Affymetrix GeneChip processes were performed following the manufacturer’s instructions. Briefly, cDNA was synthesized from total RNA with a high RNA integrity number (RIN) > 9.0 using a GeneChip® WT PLUS Reagent Kit including SuperScript II reverse transcriptase, T7-(N)6 primer, and Random primer. Subsequently, single-stranded cDNA was isolated using a WT Amplification Kit Module 2 (Affymetrix) and fragmented by enzymatic treatment at 37 °C for 1 h with a GeneChip® WT Terminal Labeling Kit (Affymetrix). The digested cDNA was labeled with biotin and then injected into GeneChip at 45 °C for 17 h, followed by hybridization. After hybridization, the GeneChips were stained and washed in Fluidics Station 450 (Affymetrix) using a GeneChip® Hybridization, Wash, and Stain Kit. Images were scanned from each array using a GeneChip® Scanner 3000 7G (Affymetrix), and the signal intensity was calculated for determining gene expression levels using Expression Console™ software, Version 1.4.1 (Affymetrix). The heat map was presented using ExDEGA v1.6.5 (Ebiogen, Seoul, South Korea) and created through fold change based on the z-score.

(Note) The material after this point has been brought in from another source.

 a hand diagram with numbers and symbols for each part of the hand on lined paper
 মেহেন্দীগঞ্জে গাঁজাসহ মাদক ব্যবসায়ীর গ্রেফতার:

4.5. STRING Database Analysis

The STRING database (http://string-db.org, version 11.5 assessed on 1 November 2021) was used to analyze the interactions between proteins constituting each selected category. The STRING database can be used to assess the type and strength of the interactions between proteins. The full STRING network was used to analyze the direct (physical) and indirect (functional) interactions of proteins. The thickness of the connecting line between proteins depended on the number of evidence for interactions. The sources of evidence for protein interactions included text mining, experiments, databases, co-expression, neighborhood, gene fusion, and co-occurrence.

4.6. Statistical Analysis

Cell culture experiments were performed independently at least three times. RNA samples were collected from each cultured group, and gene expression analysis was performed three times independently. All data are presented as the mean ± standard deviation. The Student’s t-test was used to analyze differences between values and a p-value < 0.05 was considered statistically significant.